* [Goal of the exercise]: Pictures excluded, output exactly the lines from the one containing "Παγούρι νερού 500ml" through the last line of the listing below.
--
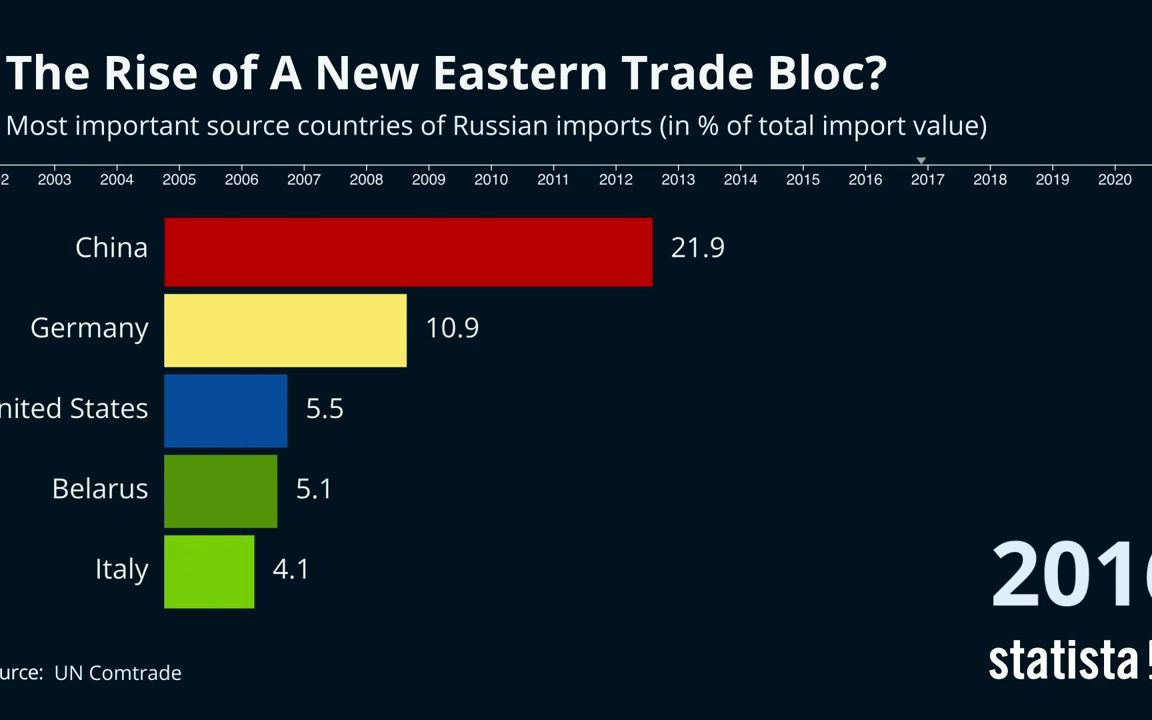 俄罗斯商品进口额国家排名:2002年至2021年哔哩哔哩bilibili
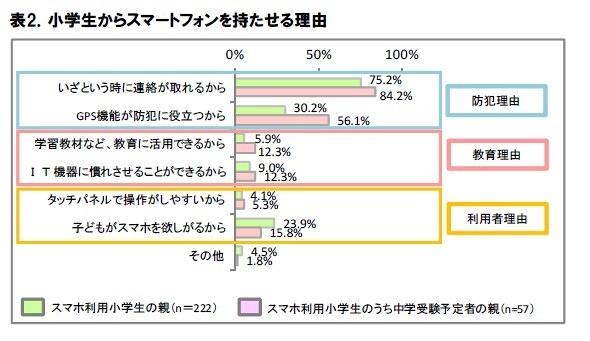 小学生からスマホを持たせる理由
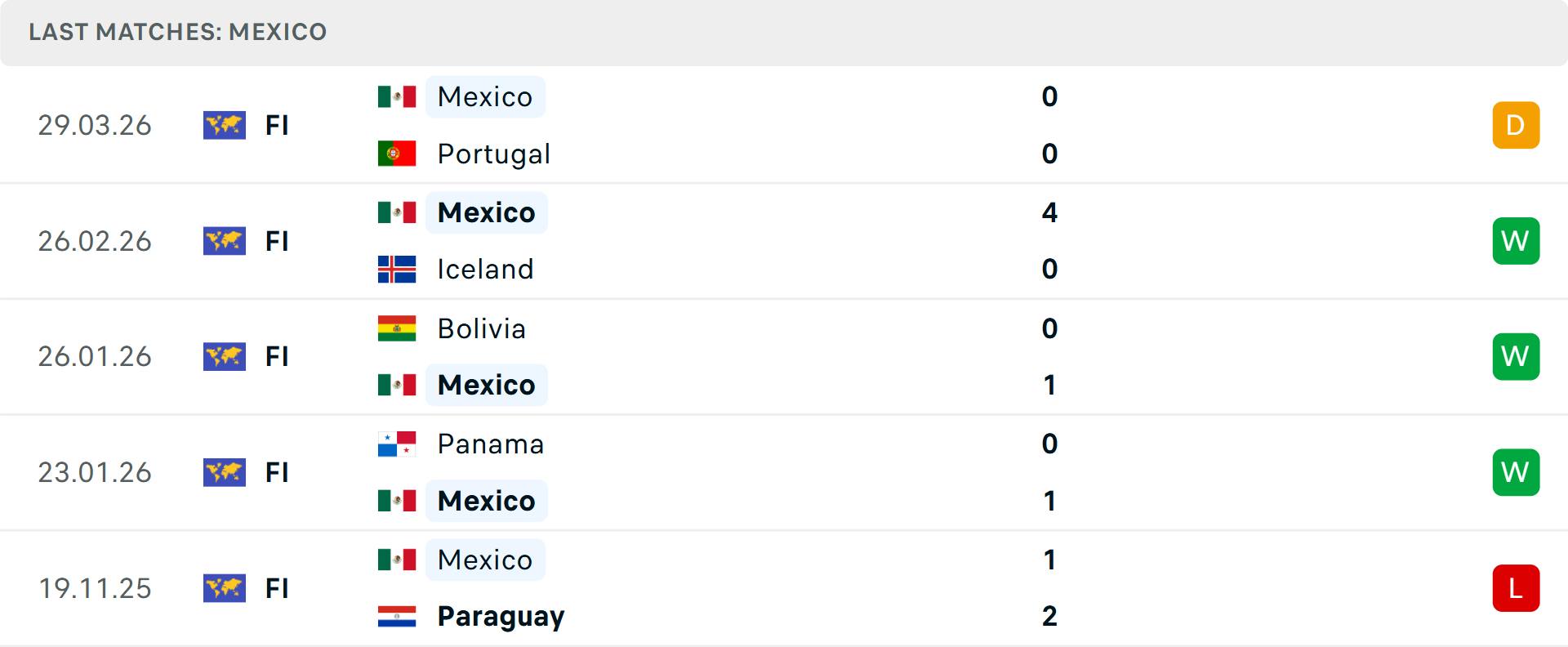 Phong độ Mexico 5 trận gần nhất Phong độ Mexico 5 trận gần nhất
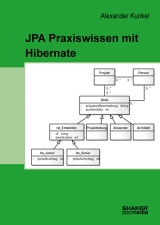 JPA Praxiswissen mit Hibernate - Alexander Kunkel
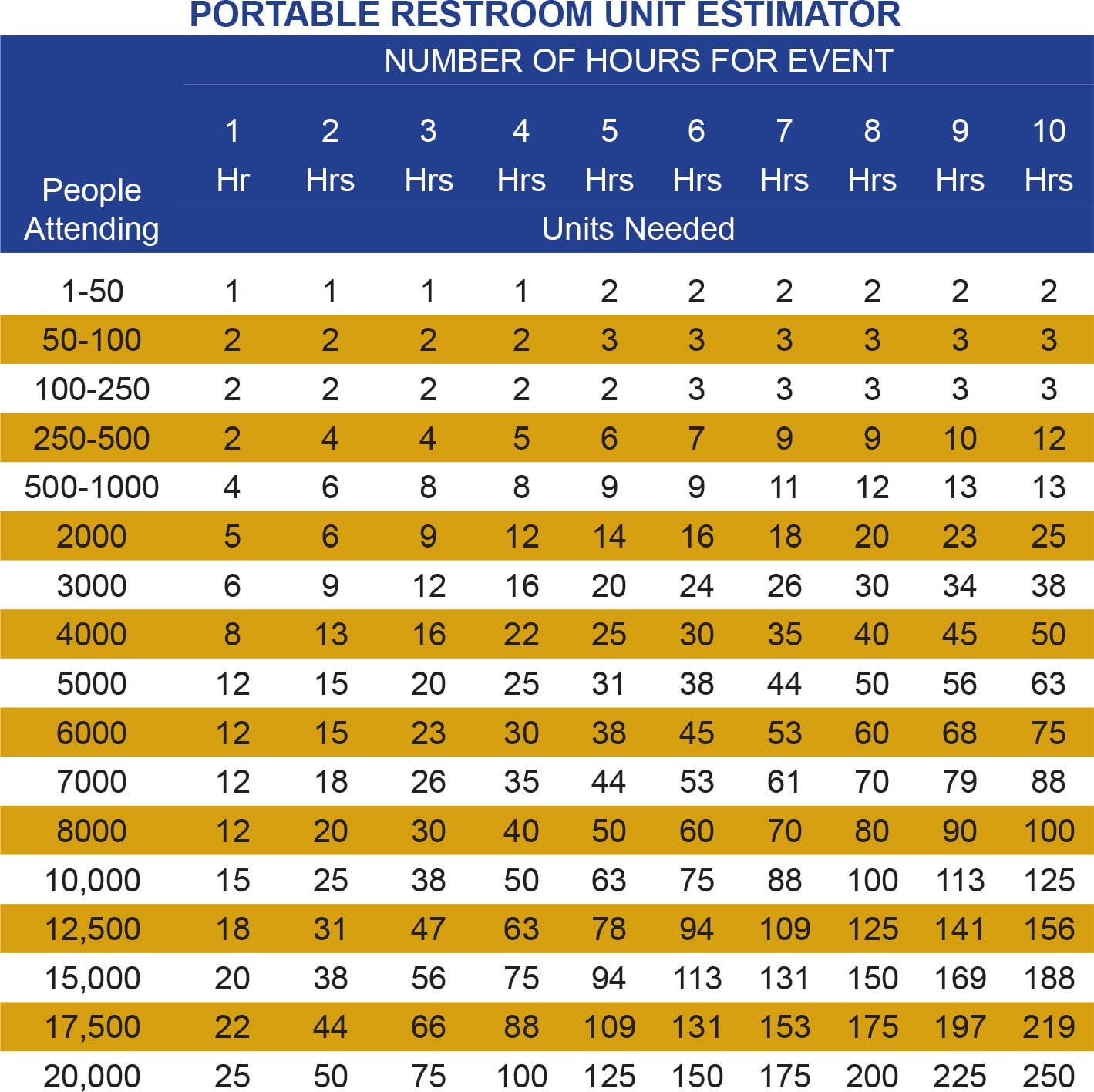 Portable Toilets for Construction Sites Jeff's Portable Restroom Rentals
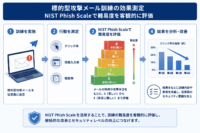 標的型攻撃メール訓練の効果 測定方法-NIST Phish Scaleで難易度を客観的に評価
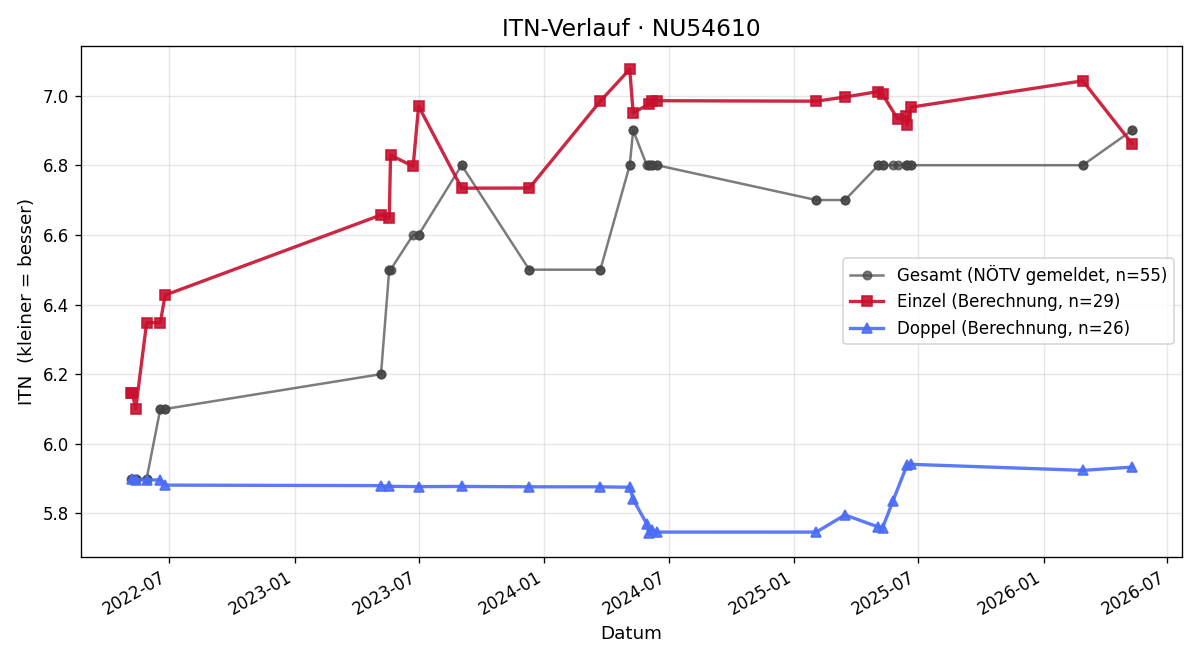 ITN-Verlauf Michael Kohl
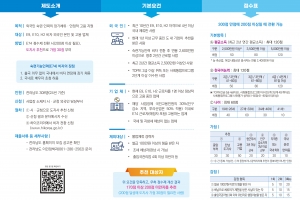 전남도, 외국인 숙련기능인력 전환 지원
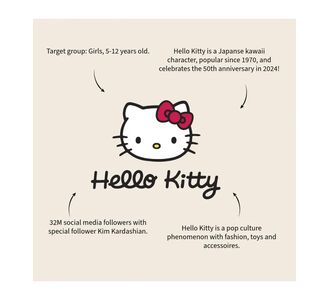 Παγούρι νερού 500ml Hello Kitty "Take A Sip" |  Βρεφικές Πάντες στο espiti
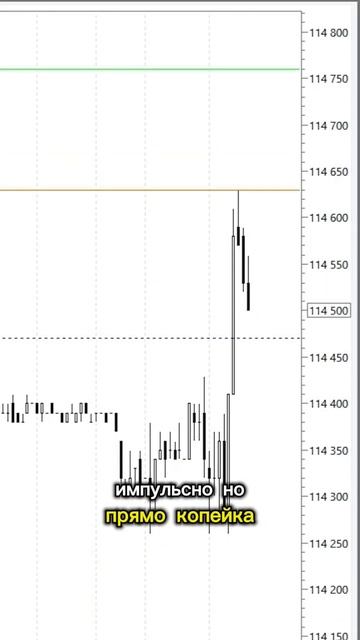 +620 пунктов по РТС // Ложный Пробой Уровня #moex #ммвб #трей смотреть онлайн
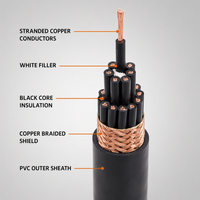 Câble de commande multiconducteurs isolé en PVC, blindé en cuivre tressé, pour circuits de commande, directement de l'usine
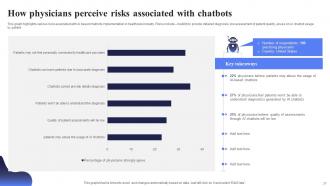 Open AI Chatbot For Enhanced Personalization And Improved Automation AI CD V Graphical Slides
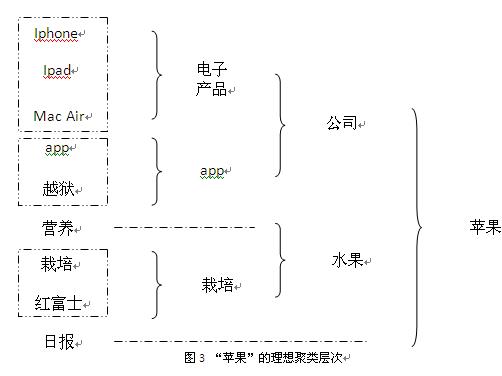 seo網站心得之檢索結果聚類結果說明 【百度搜索研發部】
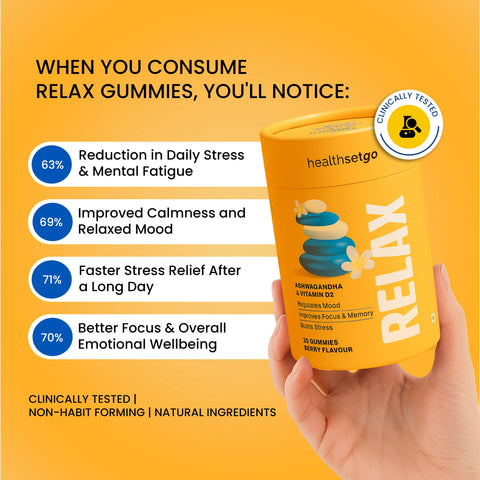 Relax Gummies with L Theanine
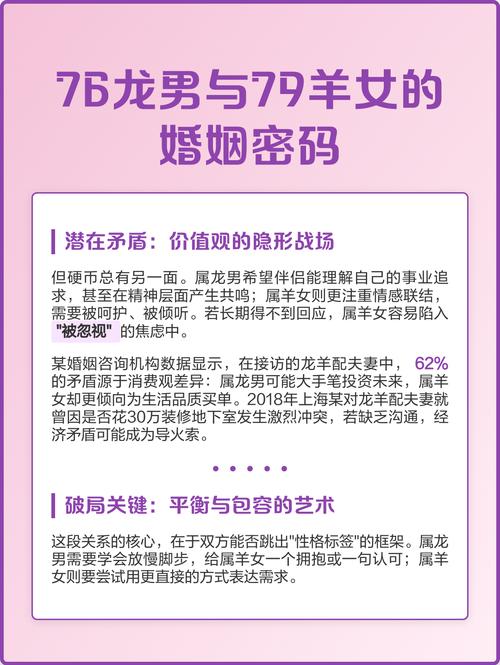 1979年属羊和1988年属龙的人婚姻配对如何？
--
* [Task answer]:
 Παγούρι νερού 500ml Hello Kitty "Take A Sip" |  Βρεφικές Πάντες στο espiti
 +620 пунктов по РТС // Ложный Пробой Уровня #moex #ммвб #трей смотреть онлайн
 Câble de commande multiconducteurs isolé en PVC, blindé en cuivre tressé, pour circuits de commande, directement de l'usine
 Open AI Chatbot For Enhanced Personalization And Improved Automation AI CD V Graphical Slides
 seo網站心得之檢索結果聚類結果說明 【百度搜索研發部】
 Relax Gummies with L Theanine
 1979年属羊和1988年属龙的人婚姻配对如何？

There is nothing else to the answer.